What I'm looking for now, is can a payload similarity class be informed of the incoming query parameters. Such that the query would contain the concept id in it and upon similarity calculation we would compare the query concept id and the concept id encoded in the term's payload. Have you ever thought or done something like this?

Thanks,
Dmitry

Sujit Pal said...

Hi Dmitry, one of our concept matching approaches was also using custom similarity and payloads like you mention using, and we had no problems with payload similarity working at the document level - we would map the incoming query to concept IDs then rewrite it as a combination of AND and OR queries.
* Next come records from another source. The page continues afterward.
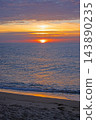 Vertical beach sunset with orange reflections at Badesi Sardinia 143890235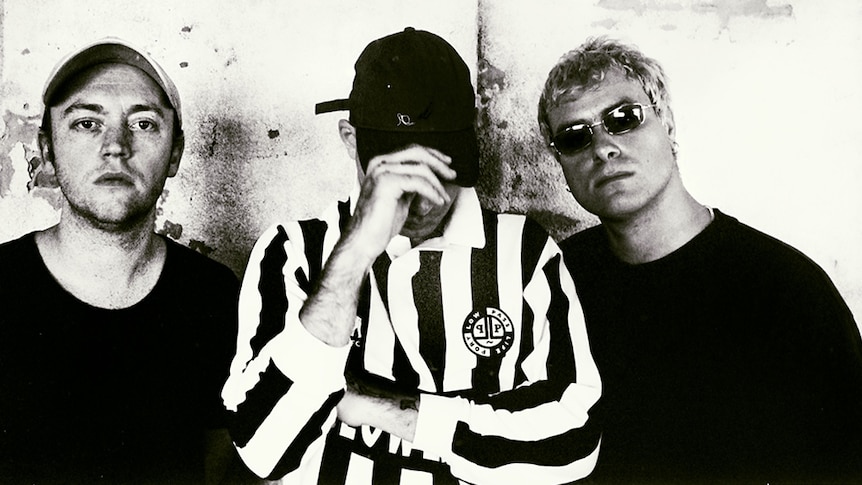 A 2021 black and white press shot of DMA'S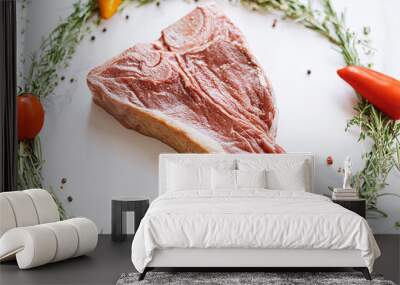 raw t-bone steak in the center of a Christmas wreath of rosemary thyme cherry tomatoes and bell peppers on a white marble surface. christmas dinner concept Wall mural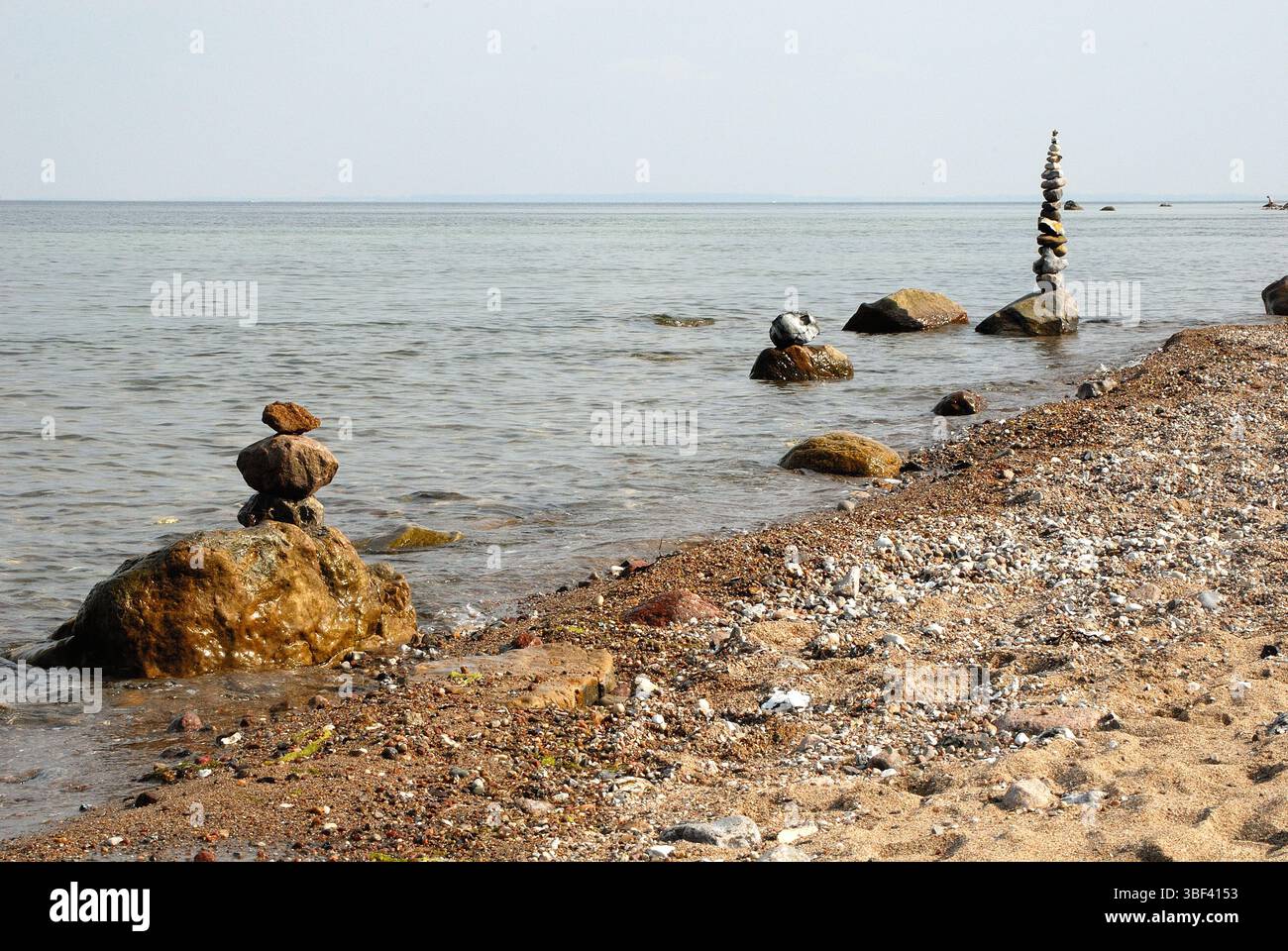 Steinformationen am Ostseestrand, gestapelte Felsbrocken im Wasser mit Kieselstein und Sandstrand Stockfoto
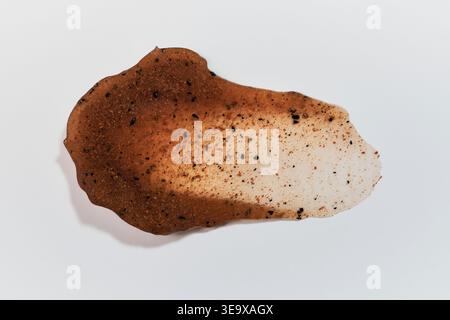 Échantillon de produit cosmétique exfoliant brun avec des granules sur fond blanc Banque D'Images
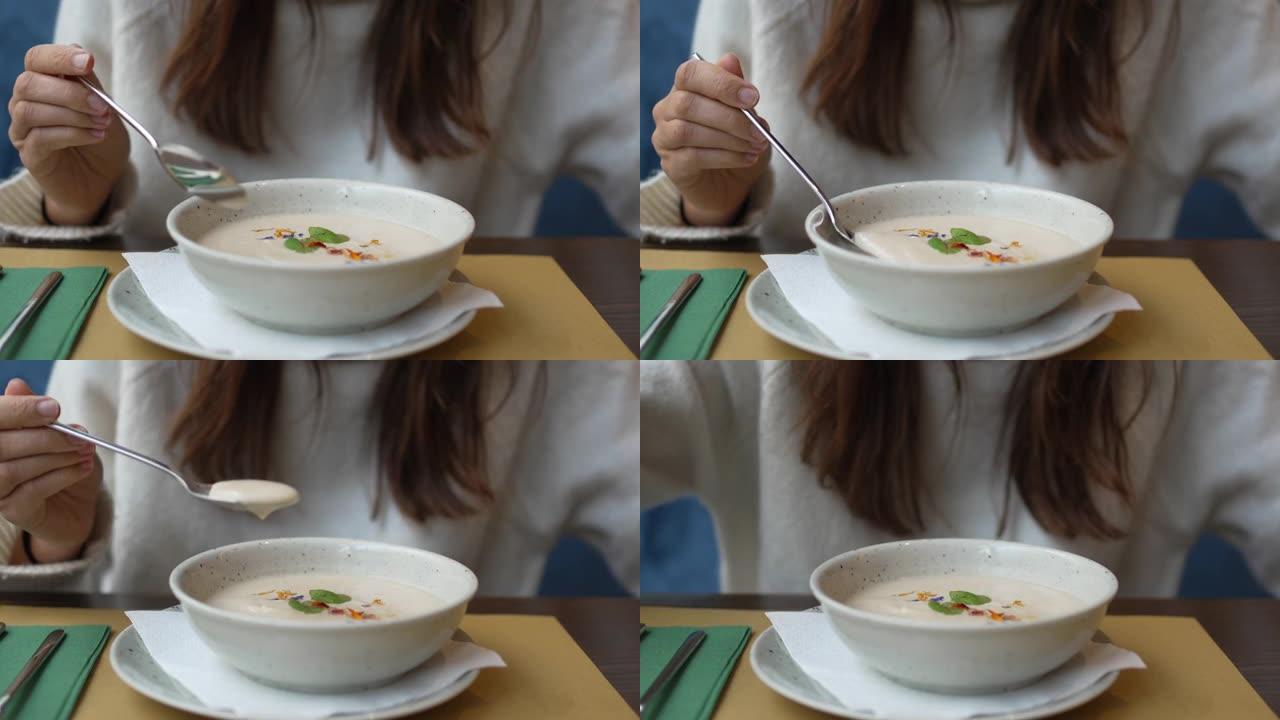 一个女人吃白奶油汤的特写镜头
In this case (the scenario this post describes) payloads are not being used - the idea is that the concepts are embedded in the text as synonyms so we can use normal (ie non-payload) queries.This gave us the added benefit of being able to do proximity searches on concepts.

However, back to your question - very likely I am misunderstanding, but not sure why you would need the similarity class to know of any other incoming query parameters. Your use case sounds exactly like ours and the default functionality worked well for us. We had only one type of concept and a single field where we would store it - perhaps if you have different needs consider different payload fields and/or namespaced concept IDs?